* How to complete this task
Produce word for word the lines of the data below running from the one that has "Fig. 3 Flow" to the one that has "大学生的生活费每个月给多少合适,大学生要每月给多少生活费", inclusive, and no others.

Data excerpts:

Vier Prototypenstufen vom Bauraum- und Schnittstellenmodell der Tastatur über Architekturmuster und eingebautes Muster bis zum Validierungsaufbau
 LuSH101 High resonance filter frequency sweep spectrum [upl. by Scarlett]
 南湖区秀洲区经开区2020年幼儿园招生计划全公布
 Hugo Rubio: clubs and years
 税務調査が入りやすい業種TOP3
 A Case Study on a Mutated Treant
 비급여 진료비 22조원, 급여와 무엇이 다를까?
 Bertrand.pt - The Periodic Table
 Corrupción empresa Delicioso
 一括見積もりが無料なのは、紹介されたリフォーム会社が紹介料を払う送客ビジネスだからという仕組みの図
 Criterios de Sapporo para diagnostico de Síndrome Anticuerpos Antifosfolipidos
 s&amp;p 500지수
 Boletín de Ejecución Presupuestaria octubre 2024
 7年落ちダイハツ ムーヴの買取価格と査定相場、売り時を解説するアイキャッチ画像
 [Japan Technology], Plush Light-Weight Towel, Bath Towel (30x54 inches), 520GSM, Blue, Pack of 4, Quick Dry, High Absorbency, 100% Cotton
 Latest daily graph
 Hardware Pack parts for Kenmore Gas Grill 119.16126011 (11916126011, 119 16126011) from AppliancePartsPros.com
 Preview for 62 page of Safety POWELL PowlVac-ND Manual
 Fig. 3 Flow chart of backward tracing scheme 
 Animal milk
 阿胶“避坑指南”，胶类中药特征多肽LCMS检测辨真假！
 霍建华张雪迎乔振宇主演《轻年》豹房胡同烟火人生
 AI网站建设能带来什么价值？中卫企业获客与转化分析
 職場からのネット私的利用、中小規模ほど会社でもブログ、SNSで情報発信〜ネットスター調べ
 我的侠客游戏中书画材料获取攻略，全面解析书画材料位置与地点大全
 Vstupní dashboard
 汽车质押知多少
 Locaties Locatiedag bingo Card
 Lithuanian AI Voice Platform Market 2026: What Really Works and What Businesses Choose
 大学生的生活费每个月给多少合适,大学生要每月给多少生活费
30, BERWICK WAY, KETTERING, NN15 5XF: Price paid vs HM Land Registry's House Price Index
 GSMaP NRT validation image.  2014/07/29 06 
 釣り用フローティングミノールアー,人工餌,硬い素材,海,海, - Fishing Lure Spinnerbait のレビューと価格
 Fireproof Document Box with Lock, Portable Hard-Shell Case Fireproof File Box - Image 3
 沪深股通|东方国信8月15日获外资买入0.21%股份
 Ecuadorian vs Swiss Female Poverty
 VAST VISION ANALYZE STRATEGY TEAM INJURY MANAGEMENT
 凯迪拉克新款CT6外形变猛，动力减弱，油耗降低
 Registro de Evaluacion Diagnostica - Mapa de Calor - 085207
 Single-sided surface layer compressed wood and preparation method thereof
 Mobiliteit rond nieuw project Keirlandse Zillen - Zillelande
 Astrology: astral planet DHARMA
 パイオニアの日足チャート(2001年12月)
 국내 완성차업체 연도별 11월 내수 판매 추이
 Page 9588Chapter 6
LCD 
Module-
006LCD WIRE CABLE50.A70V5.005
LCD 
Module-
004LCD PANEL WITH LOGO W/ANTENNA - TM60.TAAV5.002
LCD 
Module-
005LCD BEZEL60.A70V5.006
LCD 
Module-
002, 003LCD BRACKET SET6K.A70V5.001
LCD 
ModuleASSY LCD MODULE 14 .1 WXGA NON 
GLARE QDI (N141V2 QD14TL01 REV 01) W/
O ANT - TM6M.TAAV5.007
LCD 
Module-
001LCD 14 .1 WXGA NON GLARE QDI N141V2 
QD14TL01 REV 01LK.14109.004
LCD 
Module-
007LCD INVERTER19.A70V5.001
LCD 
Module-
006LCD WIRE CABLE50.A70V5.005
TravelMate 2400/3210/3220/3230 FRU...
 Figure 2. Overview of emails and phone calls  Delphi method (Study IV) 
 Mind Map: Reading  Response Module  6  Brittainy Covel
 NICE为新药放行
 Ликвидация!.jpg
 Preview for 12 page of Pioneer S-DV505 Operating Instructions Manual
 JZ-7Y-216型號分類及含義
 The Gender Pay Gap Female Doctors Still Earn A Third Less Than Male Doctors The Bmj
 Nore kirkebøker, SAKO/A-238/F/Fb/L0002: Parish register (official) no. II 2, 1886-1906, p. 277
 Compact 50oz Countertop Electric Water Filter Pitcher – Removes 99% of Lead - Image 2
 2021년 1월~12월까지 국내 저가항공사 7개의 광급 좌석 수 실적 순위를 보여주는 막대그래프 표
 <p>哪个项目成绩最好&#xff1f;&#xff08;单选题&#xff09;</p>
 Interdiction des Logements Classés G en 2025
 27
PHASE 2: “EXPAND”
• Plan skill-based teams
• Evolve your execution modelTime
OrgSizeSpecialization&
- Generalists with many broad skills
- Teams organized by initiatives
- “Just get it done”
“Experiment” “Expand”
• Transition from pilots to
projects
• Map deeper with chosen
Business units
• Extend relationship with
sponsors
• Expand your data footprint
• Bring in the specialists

* Expected answer
 Fig. 3 Flow chart of backward tracing scheme 
 Animal milk
 阿胶“避坑指南”，胶类中药特征多肽LCMS检测辨真假！
 霍建华张雪迎乔振宇主演《轻年》豹房胡同烟火人生
 AI网站建设能带来什么价值？中卫企业获客与转化分析
 職場からのネット私的利用、中小規模ほど会社でもブログ、SNSで情報発信〜ネットスター調べ
 我的侠客游戏中书画材料获取攻略，全面解析书画材料位置与地点大全
 Vstupní dashboard
 汽车质押知多少
 Locaties Locatiedag bingo Card
 Lithuanian AI Voice Platform Market 2026: What Really Works and What Businesses Choose
 大学生的生活费每个月给多少合适,大学生要每月给多少生活费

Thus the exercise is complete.